While it does resemble the LGB offering, you are correct about the bumpers and I deleted the post. I'm sorry if anyone was offended.


----------



## stevedenver (Jan 6, 2008)

wow bods, nice pics,

does in the incline have tilting seats for change grade???




i would hope that you now realize, that chuck's post was simply mis-placed, as there aren't any double buffers in any of your pics. probably for the sprung buffers thread below.

has happened to me too, its called an accident.

bit harsh dude.


----------



## Doug C (Jan 14, 2008)

Fantastic pictures of those comparable trains ! Enjoyed the vid too ! eye-poppin' 

do you recall what they charge to ride the cog.. i guess i could surf for it and then translate the fare 

Thanks for taking the time to post some of your pics and vid.


doug c


----------



## BodsRailRoad (Jul 26, 2008)

The train doesn't have any tilting mechanism. It starts out at a very steep incline (look at the pics in the station) and pretty much maintains it throughout the trip. The train is built with a big stagger as there is no flat point on the entire line.

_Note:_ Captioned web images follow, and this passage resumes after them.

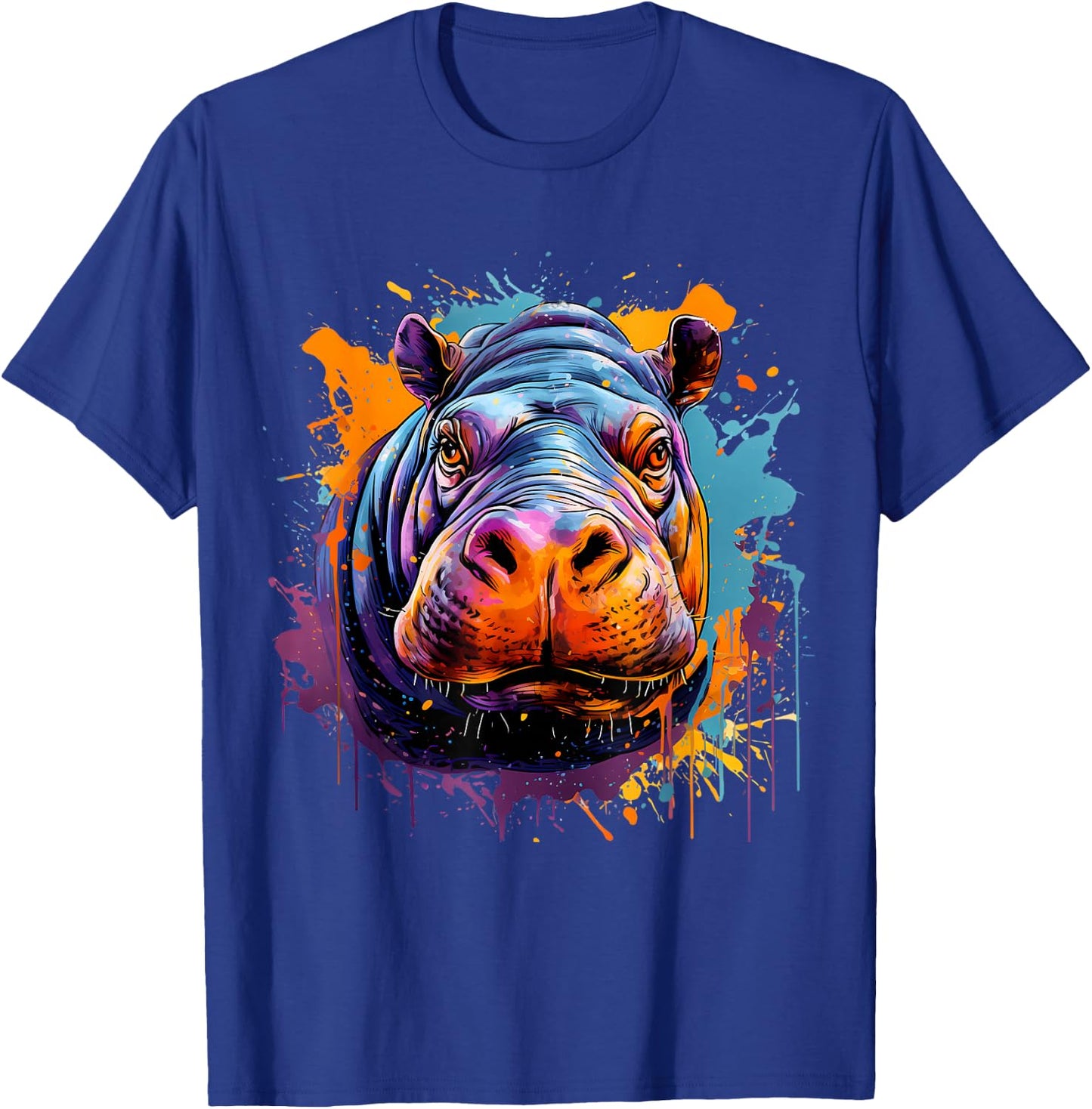 Hippo Hippopotamus Nature Portrait Colourful Splash Artwork T-Shirt - T-Shirt | Royal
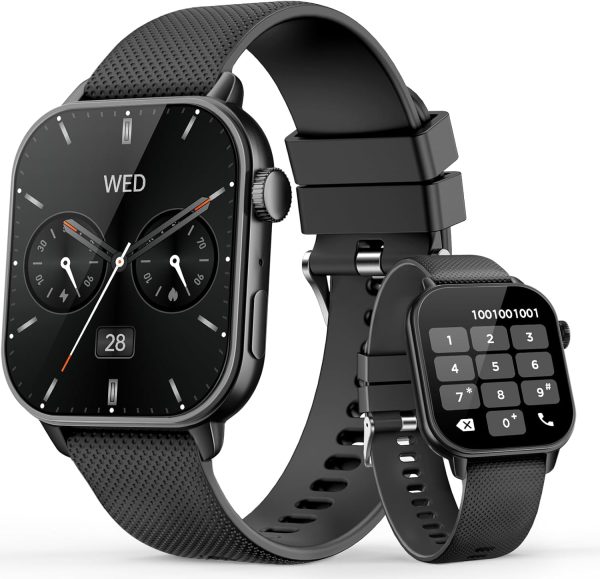 Smart Watch for Men Women(answer/make calls), 1.85'' AMOLED HD Always On Display, Smartwatch with Calories/Heart Rate/Sleep Monitor, 100+ Sports Modes Fitness Tracker, IP68 Waterproof Pedometer, Black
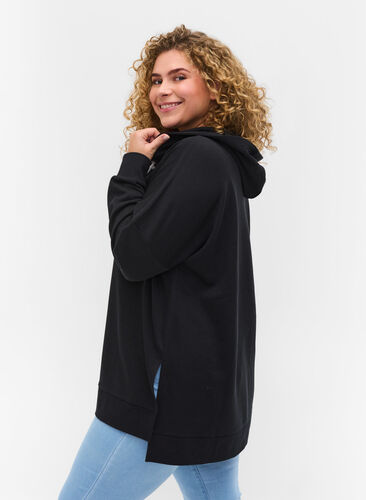 Kapuzensweatshirt mit kontrastvollen Schnüren, Black, Model image number 1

The tickets cost about $80 US roundtrip each, but are 50% off if you have a railpass, we paid about $80 for 2.

One nice thing is they give you the option of either taking the train back down, or taking the panoramic tram car down on the other side of the mountain.


----------



## BodsRailRoad (Jul 26, 2008)

Here are some pics of my trains, almost identical if not a little smaller


----------



## Leonard (Feb 26, 2008)

Lets not forget the Germans


image


image uploading site


post a picture

It was a bit cold up the Brocken!


photo hosting


----------



## Leonard (Feb 26, 2008)

screen capture

And the beer is OK too


imagehost


----------



## chuck n (Jan 2, 2008)

Re reading this thread I noticed a comment "that my post must have been misplaced". It wasn't. I was referring to a picture that was deleted after my post. I was not referring to any pictures currently in the thread.

Chuck


----------